Féminisme, bombes et émancipation

par Judy Cox

Les vies des Afghanes ont été détruites par le régime Taliban et l'occupation américaine (Image :Flickr/ United Nations)
Publié initialement en anglais sur le site Socialist Worker.

Ne vous laissez pas avoir par les féministes impérialistes qui justifient l’invasion de l’Afghanistan par les USA et qui contribuent à perpétuer l’oppression des femmes afghanes.

L’idée selon laquelle les conditions d’existence de la plupart des femmes afghanes se seraient améliorées durant les 20 ans au pouvoir du gouvernement fantoche, corrompu et pro-US, n’est que pure fiction.

Celleux qui prétendent le contraire se basent sur la vie dans certains quartiers de Kaboul où un petit nombre de femmes ont eu accès à une éducation et un emploi. Leurs « preuves » sont en grande partie des mesures cosmétiques.

Les accords de Bonn en 2001 ont mis en place un plan pour la gouvernance de l’Afghanistan, mettant en valeur l’idée de l’émancipation des femmes. La constitution afghane réserve 20% des sièges de l’assemblée Loya Jirga (équivalent afghan de l’assemblée nationale, NdT) aux femmes.

En 2002, le président Hamid Karzai a signé une Déclaration des Droits Fondamentaux des femmes afghanes. Elle promettait aux femmes droits civiques, accès à l’éducation et liberté de s’habiller selon leur choix.

Ces mesures ont servi à justifier le soutien international au régime, et l’argent a continué à affluer dans les coffres du gouvernement corrompu de Karzaï.
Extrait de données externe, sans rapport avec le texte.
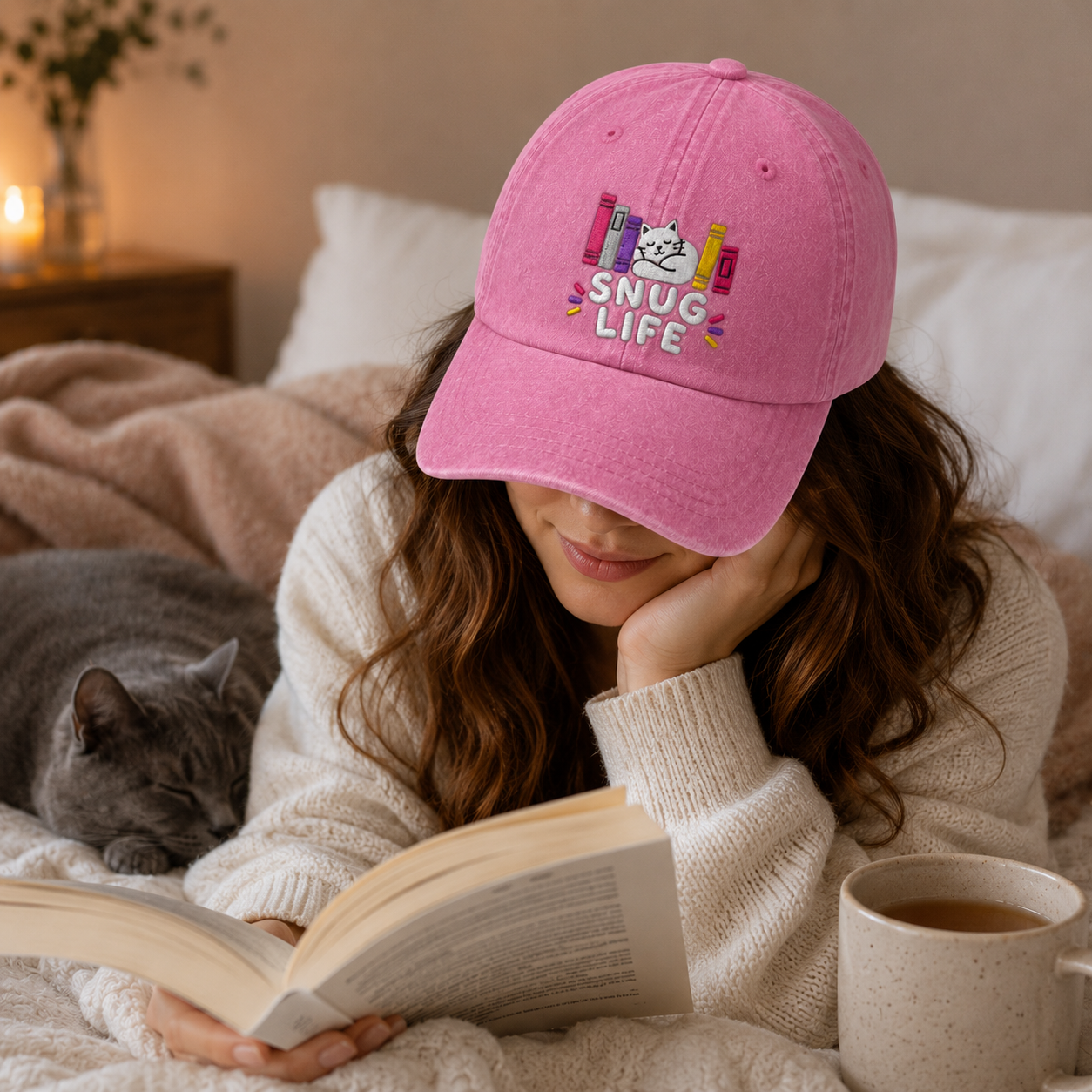 Snug Life Cat Washed Cap - Washed Cap - alternate angle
Mais elles ne signifiaient pas grand-chose pour la majorité des femmes afghanes.

La mission d’assistance de l’ONU en Afghanistan (Unama) écrivait dans son rapport de 2009 que « la réalité actuelle est que la vie des femmes afghanes est sérieusement compromise par la violence, et les femmes sont privées de leurs droits humains les plus fondamentaux. »

Cette même année, le gouvernement afghan a promulgué une loi obligeant les femmes afghanes à obéir à leurs maris dans le domaine des relations sexuelles, en violation de la constitution.

Malgré les bavardages sur l’augmentation du nombre de filles qui reçoivent une éducation, les femmes afghanes ont aujourd’hui le plus haut niveau d’analphabétisme au monde, ainsi que le plus haut niveau d’inégalité avec les hommes dans ce domaine. Parmi les Afghan·e·s agé·e·s de 15 à 24 ans, 50% des hommes savent lire et écrire contre seulement 18% des femmes.

D’autres publications de l’Unama au cours des 20 ans d’occupation états-unienne ont rapporté que les mariages de jeunes filles et les grossesses fréquentes ont causé des taux de mortalité à l’accouchement de 1900 pour 100 000. C’est un des taux les plus élevés au monde.

L’Afghanistan dépense l’équivalent de 0.6% de son PIB sur la santé – la moyenne des pays de l’Asie du Sud est de 5% – et l’espérance de vie des femmes afghanes n’est que de 44 ans, selon un rapport de l’Unama.

Le gouvernement a promulgué la loi sur « l’élimination des violences faites aux femmes » en 2009. Mais six ans plus tard, l’Unama rapportait que les femmes afghanes étaient régulièrement attaquées et tuées car elles occupaient des emplois ne respectant pas les soit-disant pratiques traditionnelles et les valeurs islamiques.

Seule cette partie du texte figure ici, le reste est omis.